Cryo-EM Structure Determination

SBD boasts an extensive track record in the production of large protein molecules and intricate complexes. Our expertise shines through in the successful preparation of CRISPR Cas12a in complex with target DNA and guide RNA. We've also prepared complexes of Cyclin D/Cdk4, COVID-19 N-protein/antibody, and PROTACS, effectively navigating the challenges of their intricate structures.

Our proficiency is exemplified by our achievement of high-resolution crystal structures for these protein complexes. However, recognizing the evolving landscape, we've swiftly embraced cryo-electron microscopy (cryo-EM) as a rapid and efficient avenue to attain 3D structures for sizable molecular targets with molecular weights exceeding 100 kDa.

Through a seamless transition, we've harnessed the power of cryo-EM to unravel the structural complexities of large protein molecules and their corresponding complexes. Notably, SBD remains a pioneering entity, uniquely equipped to offer a comprehensive suite of services encompassing protein production, activity study, X-ray crystal structure determination, and cryo-EM structure determination – all under one roof.

Our consolidated approach not only ensures a holistic understanding of your target but also underscores our commitment to innovation and precision within the field of structural biology.

Our general procedure to solve a cryo-EM structure is below:

1. Protein sample preparation: Expression and purification of the target protein via affinity, ion exchange and size-exclusion chromatographic methods.

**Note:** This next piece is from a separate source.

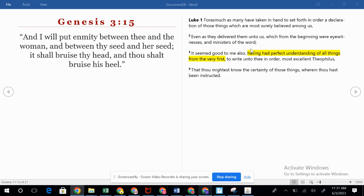Verse 2 says these things were delivered unto us by those who from the beginning were eyewitnesses and ministers of the word. Luke was there along the way — he was with the Apostle Paul on his missionary journeys. They had witnesses who saw Jesus, saw him risen, saw him go to the cross. We may not have seen these things ourselves, but the Bible says, 'Blessed is he that hath not seen and yet believed.' So we really have a blessing in that.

2. Protein sample evaluation: Protein sample homogeneity will be evaluated by gel filtration chromatography profile, dynamic light scattering, and negative staining TEM to see the particle’s monodispersity, and to determine if the sample is qualified for single particle cryo-EM.

3. Sample Preparation for Cryo-EM: Prepare a thin layer of amorphous ice containing the protein sample on a specialized EM grid. Add a small amount of protein sample to the grid, blot off excess solution, and rapidly freeze and store the grid in cryogen.

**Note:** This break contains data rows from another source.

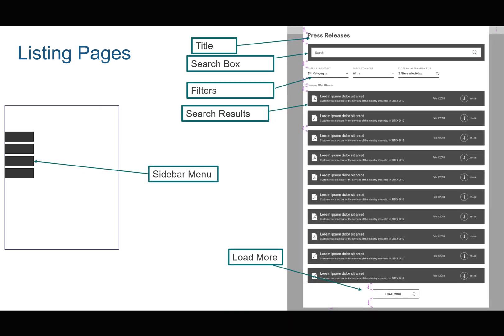When we talk about listing pages and listing components, what we really mean is something like a sidebar menu which shows a list of links, or something like a complete page — a listing page that might have search, filter, and listing maybe with load more, like we see here.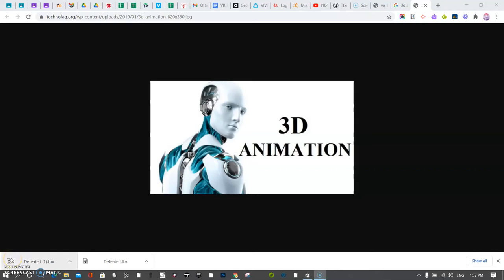All right, in this video, we're going to add our 3D animations into the scene and begin rendering them out. So let's do that.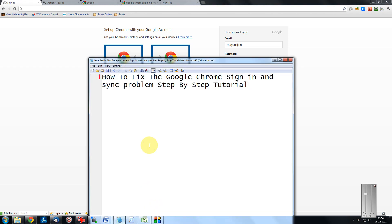Hello friends, welcome to another tutorial of the Easy Video series. Here I am going to show you how to fix the Google Chrome sign-in and sync problem.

4. Data Collection: Load the frozen cryo-EM grid into the electron microscope. The Titan Krios G3 and G4 are a widely used and respected cryo-EM system known for their high-resolution data collection capabilities. Collect a large number of images of individual particles using low-dose conditions to minimize radiation damage.

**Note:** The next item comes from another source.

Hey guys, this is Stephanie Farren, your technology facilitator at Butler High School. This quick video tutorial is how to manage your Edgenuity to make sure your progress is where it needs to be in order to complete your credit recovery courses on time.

5. Structural determination: Image processing using MotionCor2 and cryoSPARC, and 3D reconstruction will generate an initial 3D model at our lab. Model building and refinement will be fit and refined with Coot and real-space refinement to improve the fit between the model and the density map.

6. Structural report: SBD's team of scientists meticulously analyze the structures of your target, subsequently delivering a comprehensive interactive session encompassing 3D molecular graphics. This engaging presentation, spanning approximately 20 to 30 slides, delves into the structural insights, pivotal interactions, and noteworthy inhibitor-induced conformational alterations.

Furthermore, this presentation is accompanied by a live Q&A segment during either an in-person meeting or a virtual conference facilitated by screen sharing. Your queries and design considerations are addressed promptly and in real-time, ensuring that you receive the most relevant and up-to-date information.

It's worth noting that our team has achieved a remarkable level of client satisfaction, approaching nearly 100%. This is a testament to our dedication and proficiency in delivering valuable structural insights that meet and exceed our clients' expectations.